(This report, about a sensational write-up in The Independent newspaper that the Gulf oil states and a few other countries were discussing moving away from pricing oil in US dollars, was published in DNA edition dated October 7, 2009.)
A startling report in The Independent newspaper, published from London, claimed on Tuesday that the Gulf oil states along with China, Russia, Japan and France, were close to ending the pricing of oil in dollars. If confirmed as true, the report could have enormous implications for the dollar – even signal the beginning of its end – but economists are discounting the report for now as far-fetched.
In the article, titled ‘Demise of the Dollar’, Robert Fisk, The Independent’s veteran Mid East Correspondent, wrote, citing undisclosed Gulf Arab and Chinese banking sources that the “Gulf Arabs are planning – along with China, Russia, Japan and France – to end dollar dealings for oil, moving instead to a basket of currencies including the Japanese yen and Chinese yuan, the euro gold and a new, unified currency planned for nations in the Gulf Coorperation Council, including Saudi Arabia, Abu Dhabi, Kuwait and Qatar.”
According to Fisk, India too had shown interest in collaborating in non-dollar oil payments, but that China “appears to be the most enthusiastic of all the financial powers involved, not least because of its enormous trade with the Middle East.” It is China’s “extraordinary new financial power – along with past anger among oil-producing and oil-consuming nations at America’s power to interfere in the international financial system – which has prompted the latest discussions.”
Fisk claimed that “secret meetings” had been held by finance ministers and central bank governors in Russia, China, Japan and Brazil “to work on the scheme, which will mean that oil will no longer be priced in dollars.” He further claimed that US officials were aware that the meetings had taken place, but that they had not discovered the details. “The American are sure to fight this international cabal which will include hitherto loyal allies Japan and the Gulf Arabs.”
Quoting Chinese banking sources, Fisk claimed that in the interim, while moving away from the dollar peg for oil, the transitional currency may be gold. If it is confirmed as true, the move would be ruinous for the dollar, but also for bearers of dollar reserves: the Gulf Arab states hold an estimated $2.1 trillion in dollar reserves, and China an additional $2 trillion.

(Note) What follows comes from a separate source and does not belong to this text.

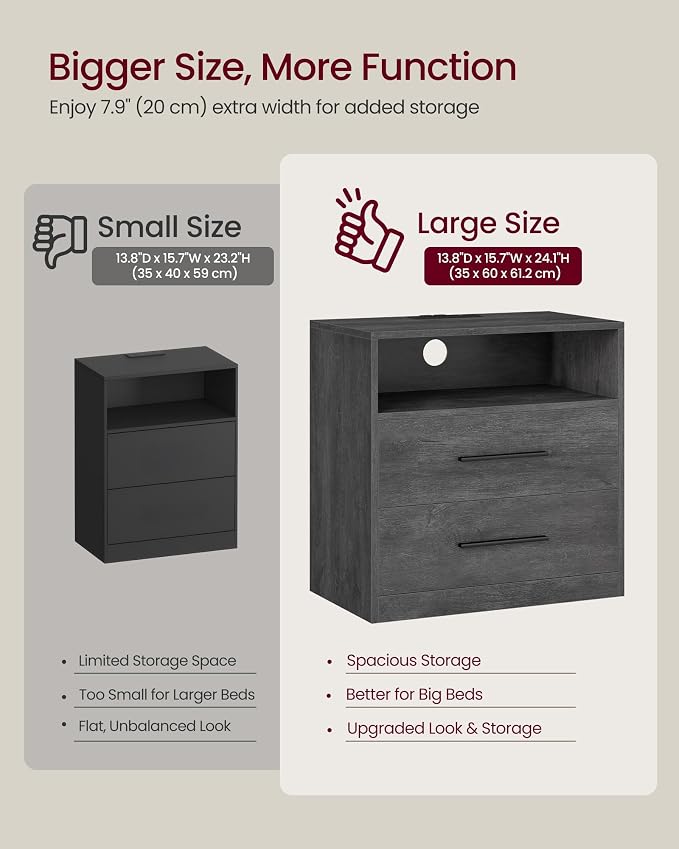 VASAGLE 23.6‑Inch Wide Nightstands, Set of 2, LED Lights, 2 Drawers - Image 7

But not everyone is convinced as yet that the ‘doomsday for dollar’ scenario is already at hand. “Fisk is increasingly associated with more radical theories, which weakens the credibility of the (latest) story,” says RBS economist Ben Simpfendorfer. In his estimation, the Gulf countries are “not yet ready to ditch their dollar pegs” since oil contracts negotiated in currencies other than the US dollar “would only add volatility to the Gulf countrie’ already volatile oil revenues.”
It would also be wrong, argues Simpfendorfer, to “overlook the importance of the Gulf region’s security links with the US and the restraints this imposes on the Gulf’s views towards the US dollar.” This is despite the fact that in the past 10 years, such restraints have weakened considerably.

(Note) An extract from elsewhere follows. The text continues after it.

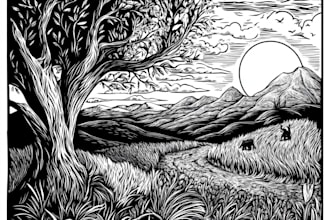create an artistic linocut illustration in my own style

Even so, Simpfendorfer concedes that “even a whiff” of speculation that oil contracts would be negotiated in currencies other than the US dollar “will further shake faith” in the dollar. “Moreover, even if oil contracts remain dollar-denominated, there will be growing speculation that other contracts between China and its major commodity suppliers will not, especially in emerging economies that are looking to attract more Chinese investment.”

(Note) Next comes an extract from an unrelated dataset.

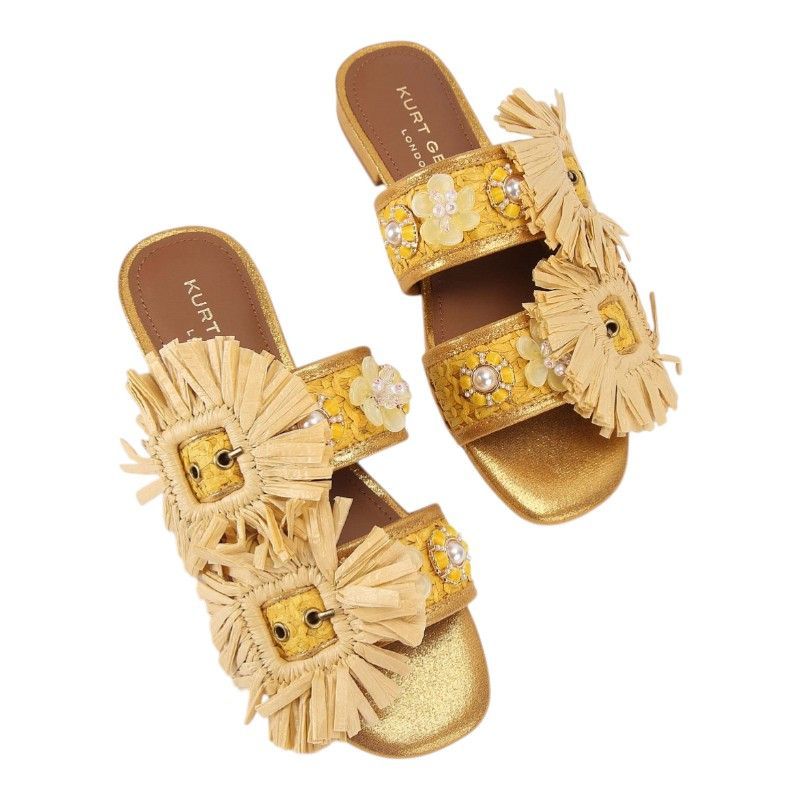 Kurt Geiger - Raffia Buckle Flat SDL - Geel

In this context, the financial sector is generally more agile in observing growing global linkages whereas the political and military sectors tend to lag, he adds. Most Washington analysts and officials are bogged down in a whole host of issues – the Mid East conflict, the wars in Iraq and Afghanistan, and Iran’s nuclear program. “Most of them don’t have the bandwidth to think about how China fits into the picture.”
As a consequence, officials, “especially in the political and military sectors,” are not well positioned to respond to the global changes taking place, reasons Simpfendorfer. “Emerging powers are thus better able to impose their decisions – such as China signing commodity contracts in currencies other than the dollar or Asia’s strengthening trade links with Iran – without having to worry about a coordinated policy response from the established powers.”
Fisk claimed in his article, citing Chinese banking sources, that the discussions on pegging oil prices in currencies other than the dollar “have gone too far to be blocked now… The Russians will eventually bring in the rouble to the basket of currencies…” He further cites Chinese financial sources as saying they believed President Barack Obama was “too busy fixing the US economy” to concentrate on the extraordinary implications of the transition from the dollar in nine years’ time.